During training, PINNsFormer forwards all residual, boundary, and initial points to obtain their corresponding sequential approximations. It then optimizes the modified PINNs loss $\mathcal{L}_{\texttt{PINNsFormer}}$ in Equation 6 using gradient-based optimization algorithms such as L-BFGS or Adam, updating the model parameters until convergence. In the testing phase, PINNsFormer forwards any arbitrary pair $[\bm{x},t]$ to observe the sequential approximations, where the first element of the sequential approximation corresponds exactly to the desired value of $\hat{u}(\bm{x},t)$ .

3.5 Loss Landscape Analysis

While achieving theoretical convergence or establishing generalization bounds for Transformer-based models can be challenging, an alternative approach to assess optimization trajectory is through visualization of the loss landscape. This approach has been employed in the analysis of both Transformers and PINNs (Krishnapriyan et al., 2021; Yao et al., 2020; Park & Kim, 2022). The loss landscape is constructed by perturbing the trained model along the directions of the first two dominant Hessian eigenvectors. This technique is often more informative than random parameter perturbations. In general, a smoother loss landscape with fewer local minima indicates an easier case for the model to converge to the global minimum. We visualize the loss landscape for both conventional PINNs and PINNsFormer. The visualizations are presented in Figure 5.

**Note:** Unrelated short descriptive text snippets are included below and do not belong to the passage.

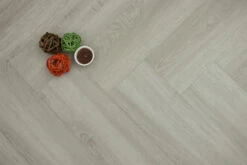 Supremo Luxury Click Vinyl Rigid Core Herringbone Flooring Graphite With Built In Underlay 6mm By 127mm By 610mm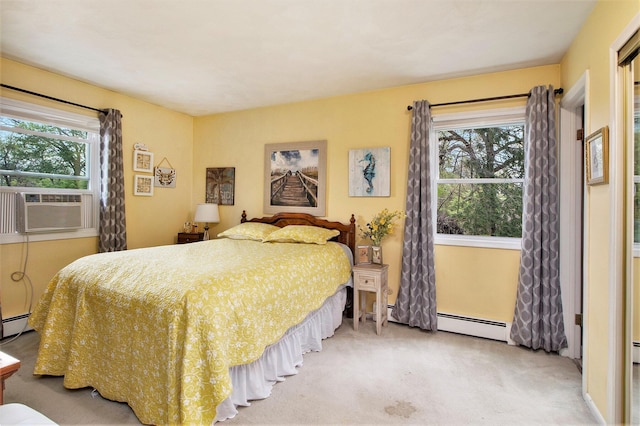 carpeted bedroom with a baseboard heating unit and cooling unit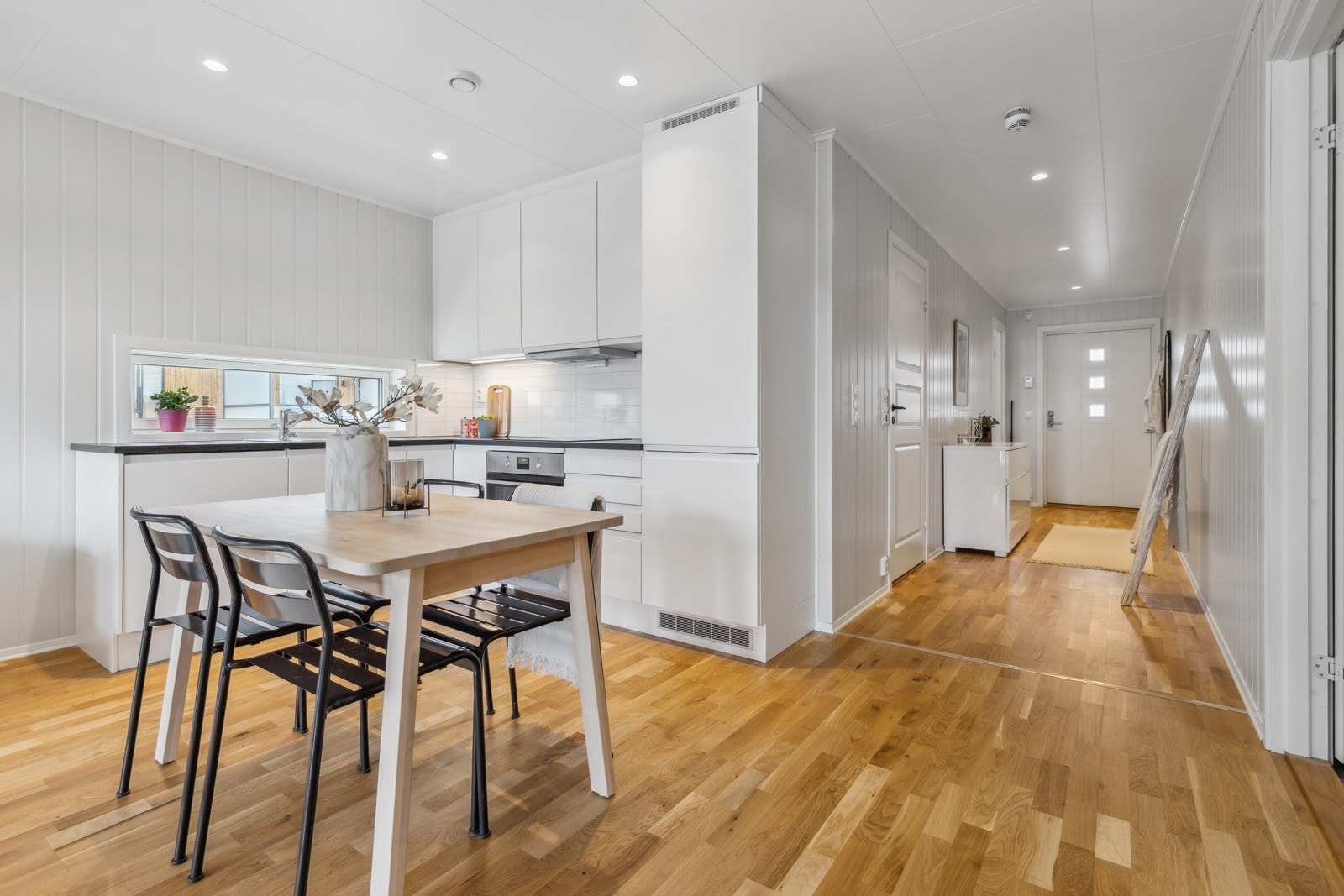 Stilrent og moderne kjøkken fra Aubo i åpen løsning mot stuen. Innredning med hvite slette fronter med foring opp til tak og laminert benkeplate i mørk utførelse med nedfelt oppvaskkum i rustfritt stål. Galleribilde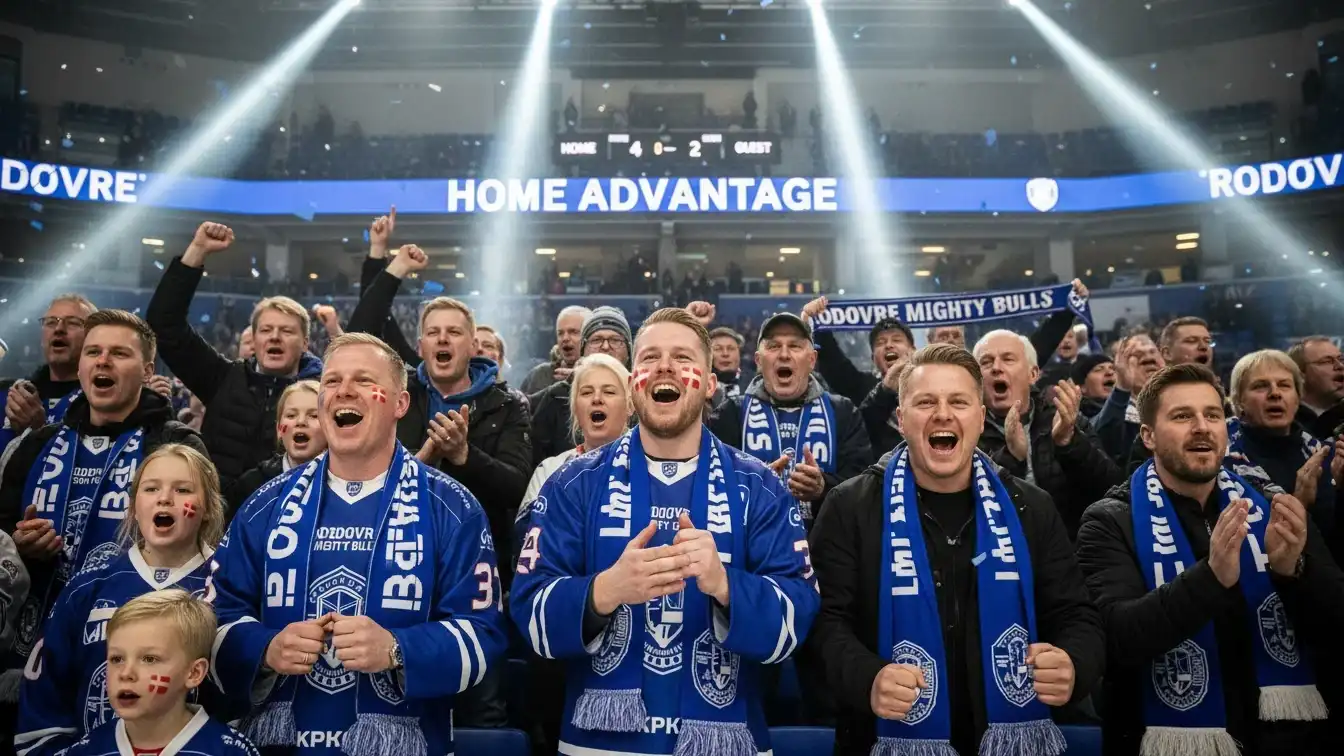 Ishockeyfans der støtter deres hold på hjemmebane i en fyldt arena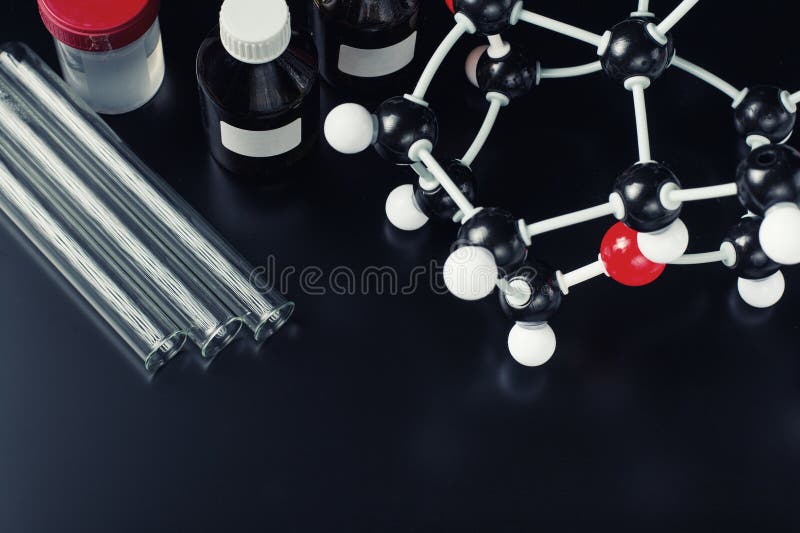 Molecular Formula and Laboratory Equipment on a Blue Background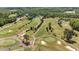 Expansive aerial view of a golf course, residential area, and ponds at 720 Raymond Dr, Clayton, NC 27527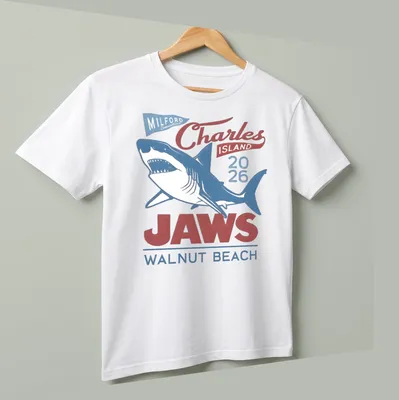 Vintage T-shirt featuring a shark graphic with red, blue, and white text. — printed on a unisex t-shirt (angled view)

The visualizations clearly reveal that PINNs exhibit a more compliated loss landscape than PINNsFormer. To be specific, we estimate the Lipschitz constant for both loss landscapes. We find that $L_{\texttt{PINNs}}=776.16$ , which is significantly larger than $L_{\texttt{PINNsFormer}}=32.79$ . Furthermore, the loss landscape of PINNs exhibits several sharp cones near its optimal point, indicating the presence of multiple local minima in close proximity to the convergence point (zero perturbation). The rugged loss landscape and multiple local minima of conventional PINNs suggest that optimizing the objective described in Equation 6 for PINNsFormer offers an easier path to reach the global minimum. This implies that PINNsFormer has advantages in avoiding the failure modes associated with PINNs. The analysis is further validated by empirical experiments, as shown in the following section.

4 Experiments

4.1 Setup

Goal. Our empirical evaluations aim to demonstrate three key advantages of PINNsFormer. Firstly, we show that PINNsFormer improves generalization abilities and mitigates failure modes compared to PINNs and variant architectures. Secondly, we illustrate the flexibility of PINNsFormer in incorporating various learning schemes, resulting in superior performance. Thirdly, we provide evidence of PINNsFormer’s faster convergence and improved generalization capabilities in solving high-dimensional PDEs, which can be challenging for PINNs and their variants.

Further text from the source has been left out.